Who were the Kaisers whose little boy, Frederick Ronald Cecil, died at the age of 14 months? Kaiser is hardly a typical Irish name: were they a family who were here briefly before moving elsewhere? Would that explain why the little boy’s memorial stands alone? Frederick William was the name of the German monarch, did the little boy’s grandparents deliberately name their son after a man who would have been heir to the German throne at the time of their son’s birth?
Where did the Kaisers go afterwards? Did they move away? Or did they Anglicise their name and become King instead blending into the population around, in the way that the Battenbergs became Mountbatten?

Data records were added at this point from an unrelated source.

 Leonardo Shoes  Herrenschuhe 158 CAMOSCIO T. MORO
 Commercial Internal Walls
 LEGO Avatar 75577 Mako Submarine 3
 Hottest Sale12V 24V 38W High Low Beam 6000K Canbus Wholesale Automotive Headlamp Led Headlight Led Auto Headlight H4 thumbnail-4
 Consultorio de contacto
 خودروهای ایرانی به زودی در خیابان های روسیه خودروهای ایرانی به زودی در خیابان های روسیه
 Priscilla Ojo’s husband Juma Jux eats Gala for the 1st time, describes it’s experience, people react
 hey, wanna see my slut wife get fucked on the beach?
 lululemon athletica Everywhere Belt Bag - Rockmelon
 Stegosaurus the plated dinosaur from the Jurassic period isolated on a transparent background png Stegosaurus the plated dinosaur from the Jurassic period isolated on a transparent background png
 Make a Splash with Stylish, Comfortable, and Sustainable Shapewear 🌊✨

What was their line of business? They seem to have been comfortably middle class to have a white stone memorial for their infant son. It is elegant, but also has an understated dignity about it. There is nothing brash or oversentimental, just a recording of the facts and a simple Bible verse.
What intrigues me most is the recording of little Frederick Ronald Cecil’s parents’ names. This is the Edwardian era, just after the death of Victoria in 1901. This is in Ulster, possibly the most socially conservative corner of the United Kindom. Frederick Ronald is the deraly beloved child of “Ann and Frederick William”, in that order. This is a profound statement.
Young Frederick is called after his father, he is the fruition of the hope for a son, he is the one who will carry on the family name, his death would have stirred the most profound grief in the heart of Frederick William, but greater than that grief would have been the grief of the child’s mother. The inexpressible grief of Ann is conveyed in the subtlest and most gentle of ways, in a patriarchal age where women’s rights were minimal and where men always took pre-eminence, Ann is named as the first of the parents. Even the stonemason would have queried this ordering of the inscription, Frederick William must have had to hold firmly to his conviction that the love of his wife for their son must be publicly acknowledged.
I think Frederick William Kaiser is a man for whom I would have had great respect. I hope he and Ann went on to enjoy happier days. I trust young Frederick Ronald Cecil grew in God’s grace, to be in heaven all that his parents had hoped him to be on earth.
Requiem æternam dona eis, Domine,
et lux perpetua luceat eis
This Blogspot is such a wonderful example of how much you care for the bits and pieces of life. The little bits that go unnoticed by the great majority. They mean so much to you and you REALLY care and feel about what is behind it. Dont ever change – if you did you would lose the essential part that is Ian Poulton.
Barbara,
Thank you. (Your cheque is in the post!).
I took the picture with my phone and only later did I notice the order of the names. I agree that it is easy to miss details, my problem is that I sometimes get so absorbed with details that I miss the big picture.